Don’t let global warming bug you!

Published July 1, 2000

Chaos theory holds that the flutter of a butterfly’s wings can have far-reaching effects. So, too, can increasing plant defense mechanisms, upsetting the natural order of things and threatening innocent species with extinction.

Could increased carbon dioxide (CO2)—a boon for plant health—be harmful to the organisms that feed off those same plants?

Not likely. Take butterflies, for example. Their future looks sweet indeed. Goverde and colleagues collected different types of a wildflower in and around Paris and grew the low-spreading plants at the natural level of 350 parts per million (ppm) and at 700 ppm. This particular plant produces cyanide compounds that fight against insects’ making a meal out of it.

One insect that does feed on this wildflower, however, is the common blue butterfly, which has an enzyme that detoxifies the plants. So these butterflies were introduced into the study to determine how elevated CO2 will ultimately impact this cherished member of the biosphere.

The scientists found that elevated CO2 increased plant biomass but decreased the concentration of leaf cyanoglycoside without impacting leaf water, sugar, protein, or nitrogen contents. The butterflies enjoyed the better-tasting wildflowers, and those in the elevated CO2 chambers increased their consumption of leaves, their mass increased, and the larval developmental period decreased. Furthermore, mortality decreased for those butterflies feasting on the CO2-enriched plants.

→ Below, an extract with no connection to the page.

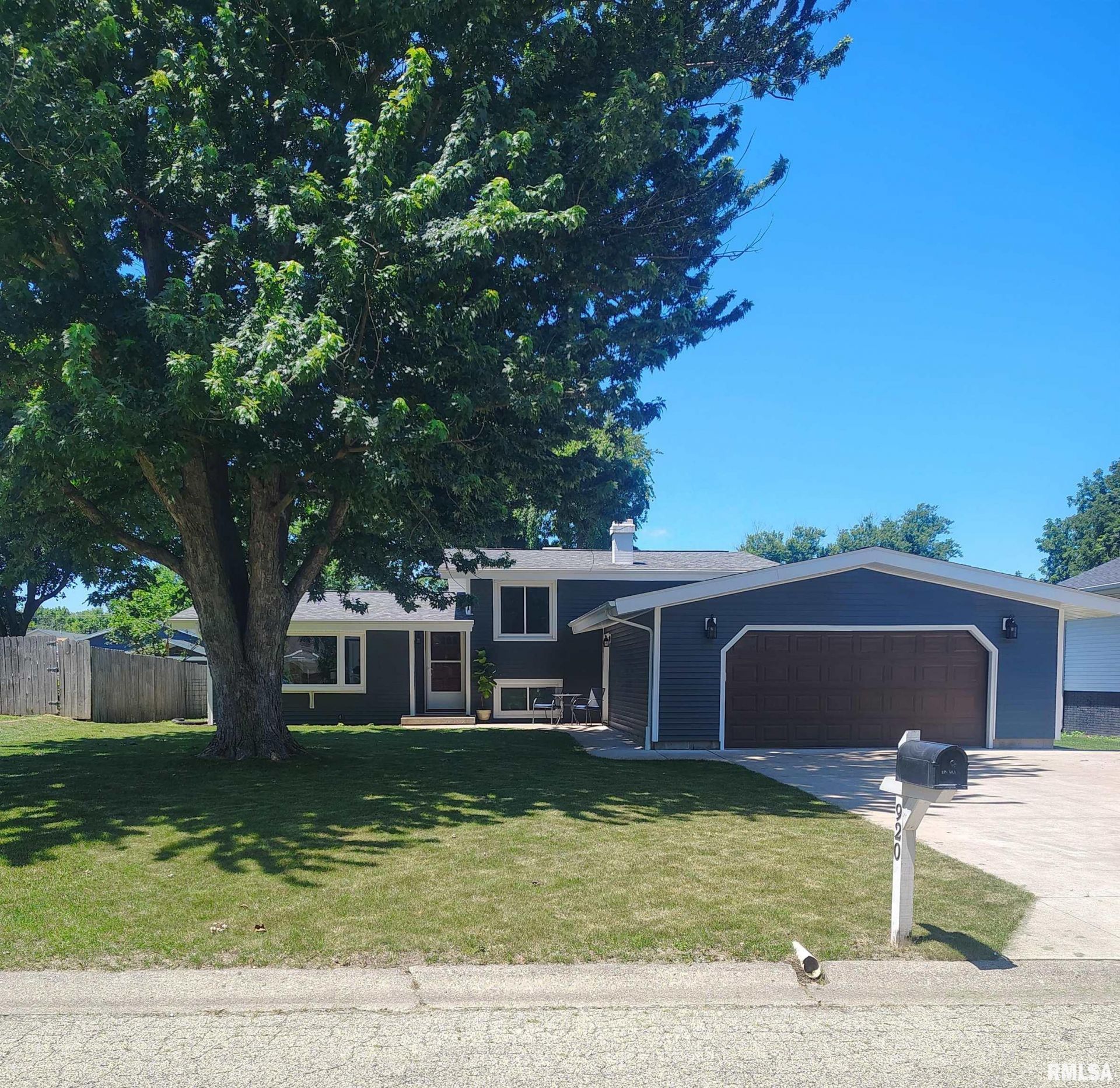 920 N 8th Street, Canton, IL 61520 Main Photo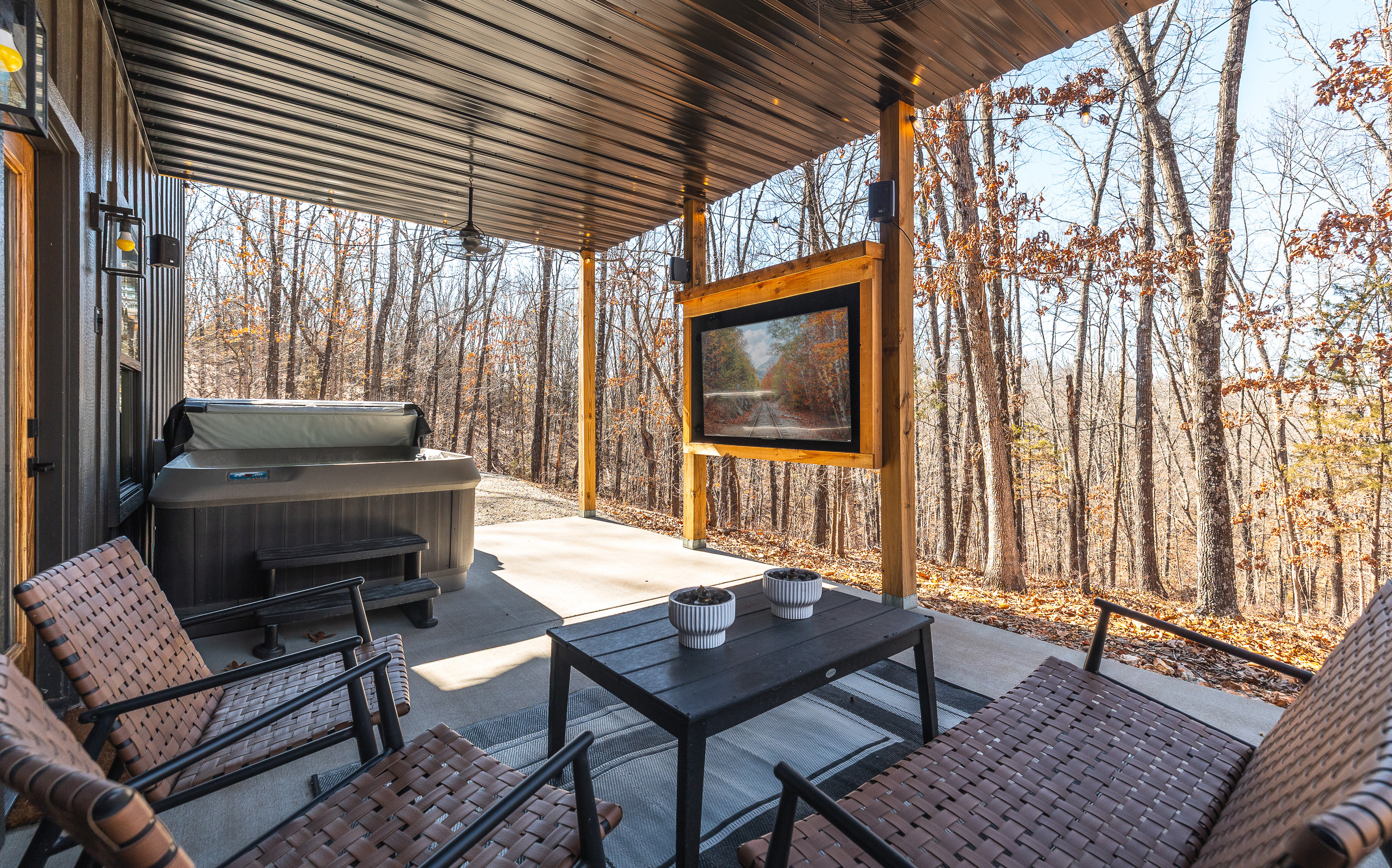 Outdoor entertainment and hot tub!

Indirectly, the common blue butterfly is benefitting already from the CO2 emissions of the Industrial Revolution; this butterfly (and probably many others) would certainly be blue if CO2 emissions were stabilized.

Funny how those supposedly disappearing butterflies in Mexico made global warming headlines worldwide a few years ago, yet the Goverde study received essentially zero publicity. When it comes to butterflies and global warming, only bad news seems newsworthy.

The effects of global warming on insects are also failing to make headlines. If plants put down their defenses, won’t other herbivores come along and gobble up all the increased plant biomass? Well, a second recent paper shows us that not all insects will emerge as lucky as the common blue butterfly; consider the future of the bird cherry-oat aphid.

Newman and colleagues grew tall fescue plants for two weeks in open-top chambers with atmospheric CO2 levels maintained at 350 ppm and 700 ppm. At that time in the experiment, the tall fescue was inoculated with 20 aphids per plant and grown for an additional nine weeks with the differential CO2 levels.

The team found that the doubling of CO2 increased plant dry matter production by 37 percent, but the total number of aphids decreased substantially. Unlike the butterflies, the aphids seemed to lose out.

Hmmm. . . . Be good to butterflies and emit CO2—or be good to aphids and adopt the Kyoto Protocol?

From these two studies, we learn that increased atmospheric CO2 concentrations will cause a) wildflowers and fescue to grow bigger and healthier, b) beneficial butterflies to grow bigger, more quickly, with lower mortality rates, and c) the number of rose-ruining aphids to decrease. These hard facts come from reproducible studies that have survived the peer-review process.

It’s as simple as the birds and the bees—increased CO2 will strengthen the biosphere and make the Earth a better place.

When I see a picture of the Earth from space, I do not see a fragile world with its climate system hanging on a thread. I see a global ecosystem crying out for higher levels of CO2.


Robert C. Balling Jr., Ph.D. is director of the Laboratory of Climatology at Arizona State University and coauthor of The Satanic Gases.


References

Goverde, M., et al., 1999. Influence of leaf chemistry of Lotus corniculatus (Fabaceae) on larval development of Polyommatus icarus (Lepidoptera, Lycaenidae): Effects of elevated CO2 and plant genotype. Functional Ecology, 13, 801-810.

Newman, J.A., et al., 1999. Elevated carbon dioxide results in smaller populations of the bird cherry-oat aphid Rhopalosiphum padi. Ecological Entomology, 24, 486-489.